D’après les prévisions de l’ONU, nous serons, dans le scénario moyen, 9 milliards en 2050, 10 milliards en 2100, ce qui constituera un maximum absolu. Le scénario « bas » tend vers une diminution de la population mondiale, à 6 milliards en 2100, et le scénario « haut » vers une augmentation autour de 15 milliards à la fin du siècle. La difficulté réside donc dans le choix du bon scénario. Un démographe interviewé par France Inter il y a quelque mois penchait pour une population inférieure à 10 milliards en 2100, rappelant que depuis les années 1970, toutes les estimations de l’ONU ont systématiquement été revues à la baisse…(Hélas, je n’ai aucune idée du nom du démographe en question, ni de ses sources…) Mais retenons un scénario moyen, pour la suite du raisonnement.

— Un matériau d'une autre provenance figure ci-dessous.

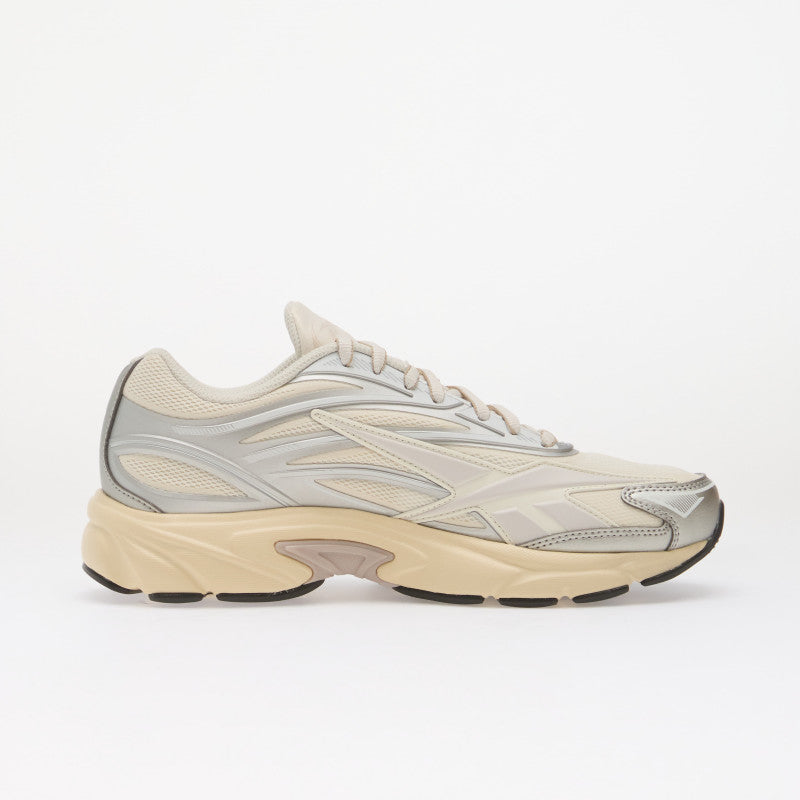Reebok Premier Road 1000 Chalk/ Silver/ Vintage Chalk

Quelle est donc la capacité de production agricole sur notre bonne vieille Terre ? Je me demande qui pourrait avoir la malhonnêteté intellectuelle de répondre par des chiffres précis à cette question ! La FAO tente néanmoins des projections pour répondre à cette question. Le document « Comment nourrir le monde en 2050 » est par exemple assez intéressant, et reflète les idées qu’on retrouve dans les autres papiers : la question des ressources agricoles mondiales ne se pose pas vraiment. La Terre a largement les moyens de nourrir les futurs 9 milliards d’humains. Les zones agricoles non exploitées sont nombreuses (et on ne parle pas ici de zones actuellement protégées, mais bien de zones « réellement disponibles ». Je reviendrais là dessus un peu plus bas), et les marges de progression en terme de rentabilité sont importantes.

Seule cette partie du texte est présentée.